The hopes that motivated that national uprising were not vain in the early days of 1958, when the Rebel Army had already consolidated as a guerrilla force, as evidenced by the departure on March 1 from the Sierra Maestra mountains of the columns led by commanders Raúl Castro and Juan Almeida Bosque to found the II Frank País Front and the III Mario Muñoz Monroy Front, respectively, whereas Commander Camilo Cienfuegos fought in the plains.
Throughout the island, the underground struggle gained momentum and spread to towns and cities under the leadership of the 26th of July Movement and with the participation of the “March 13” Revolutionary Directorate and the Popular Socialist Party.
Great enthusiasm and the decision to turn the new year into the last of the dictatorship prevailed.

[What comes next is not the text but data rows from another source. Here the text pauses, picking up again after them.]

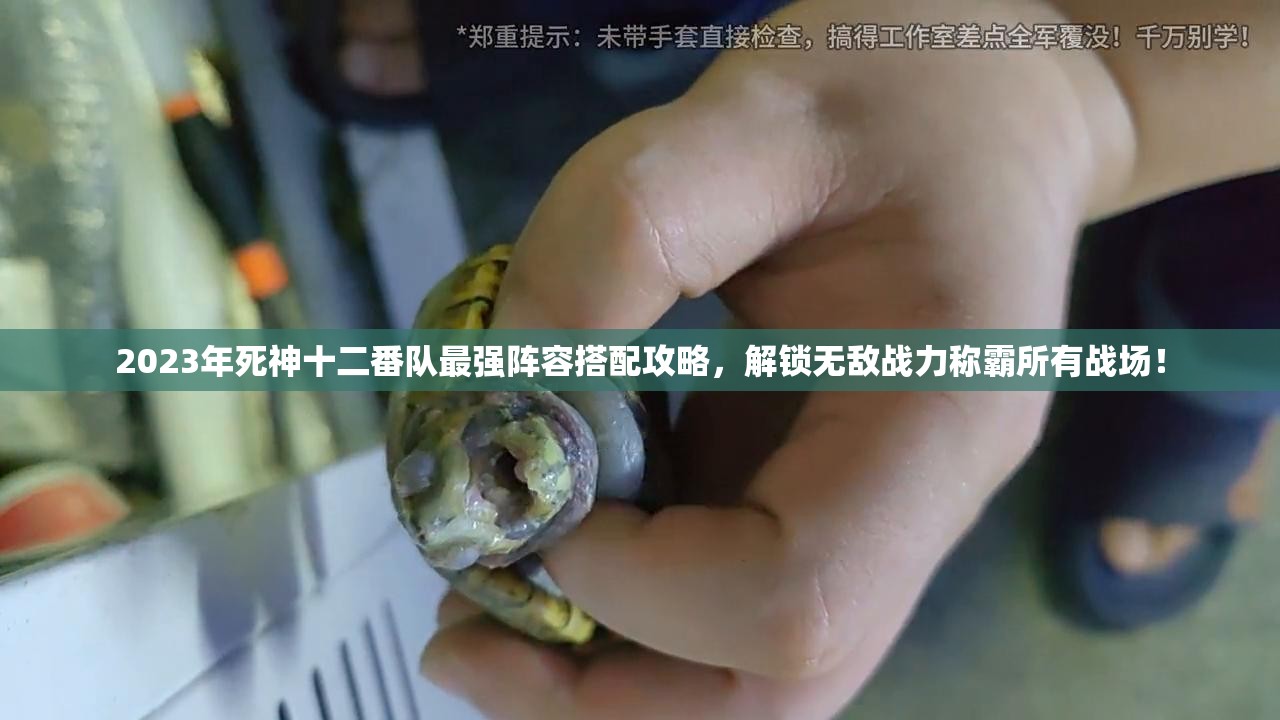 2023年死神十二番隊最強陣容搭配攻略，解鎖無敵戰(zhàn)力稱霸所有戰(zhàn)場！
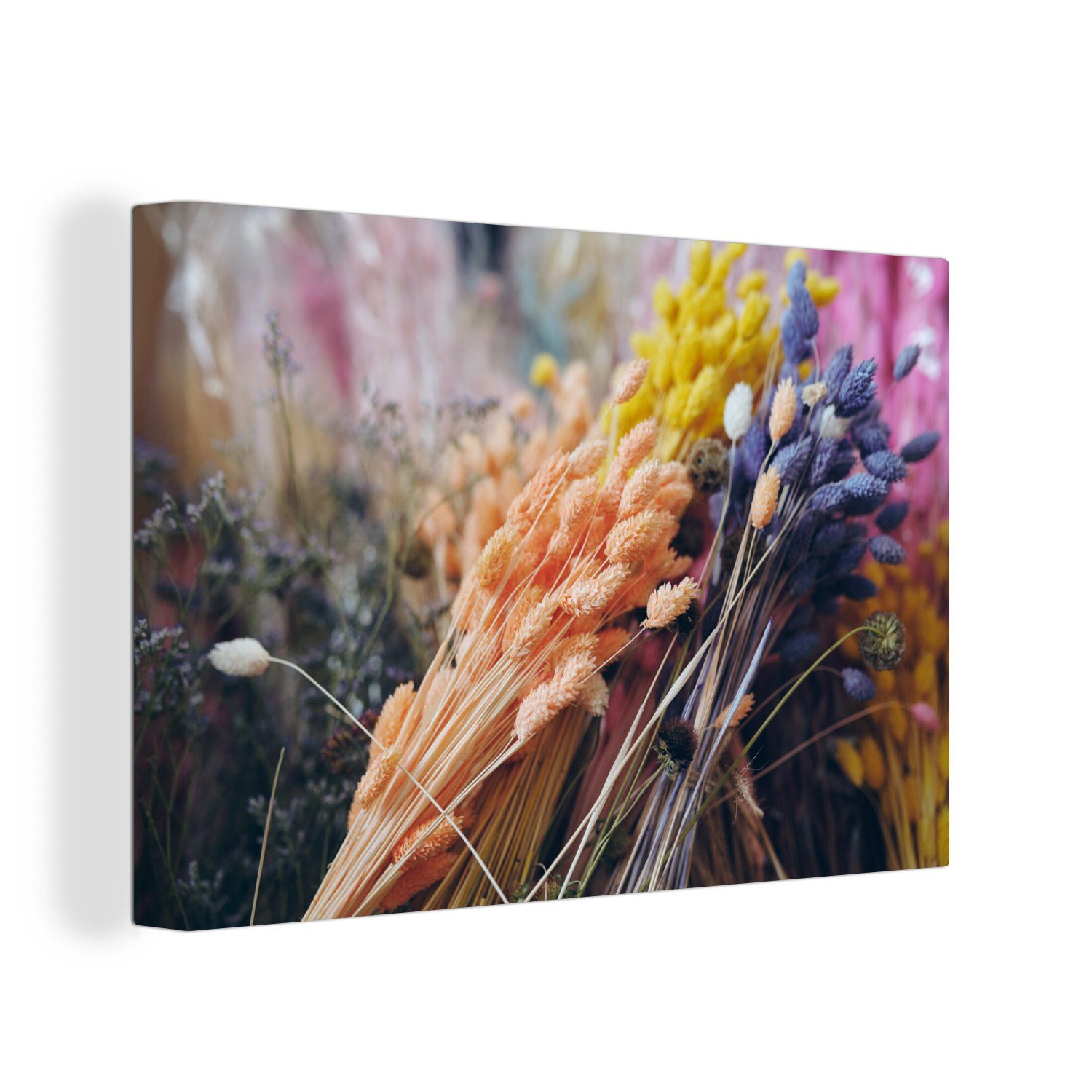 OneMillionCanvasses® Leinwandbild Getrocknete Blumen - Farben - Stilleben, (1 St), Wandbild Leinwandbilder, Aufhängefertig, Wanddeko, 30x20 cm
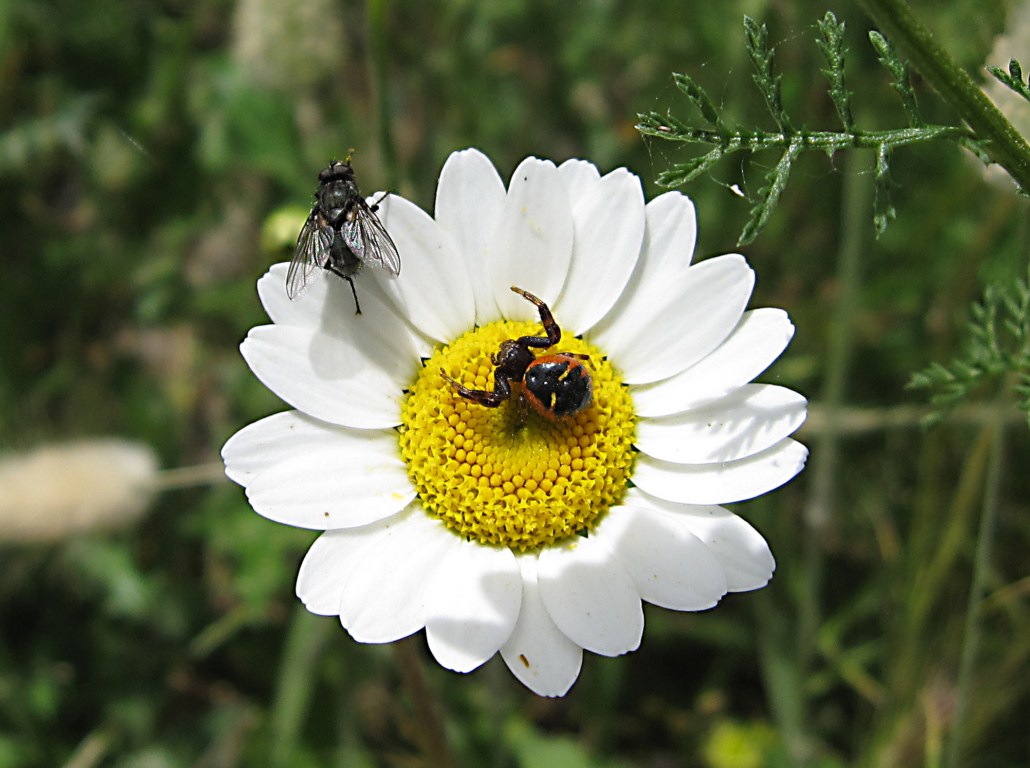 Synema globosum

Commander in Chief Fidel Castro had met early in March with the leaders of the Movement and the Rebel Army to draft on March 12 the 21-point Manifesto to the Cuban People, a document that highlighted "the noticeable collapse of the dictatorship, the maturing of national conscience, and the belligerent participation of all social, political, cultural and religious sectors of the country as the struggle against Batista enters its final phase". It also said that "the strategy of the decisive action lies in the Revolutionary Strike supported by Armed Action".
Fidel always thought that the actions in the cities should be fully synchronized to support the fighting troops, so the project of the General Strike of April 9, 1958 was approved and organized to happen in parallel with both nationwide uprisings and actions of the Rebel Army.
In Havana, Marcelo Salado led the attack on an armory, the drivers’ strike and other acts of sabotage and propaganda, but the repressive forces outgunned the combatants, poorly organized and lacking in sufficient coordination to stand much of a chance against Batista’s forces, who controlled the cities with great violence.
Marcelo Salado was shot down as he tried to direct the actions, betrayed by a former traitor comrade who had become a policeman and caught the revolutionary by surprise.
More than 100 revolutionaries lost their lives in the General Strike of April 9, either that day or in the following weeks, to the repression of the tyrant’s police and army in his last months in power.
The strike failed but it was hardly fruitless: the end came a little more than six months later, as Fidel had predicted in a letter to his fellow revolutionary Faustino Pérez, one of the survivors of the action: “I am full of hope that we will have turned defeat into victory sooner than many can even imagine".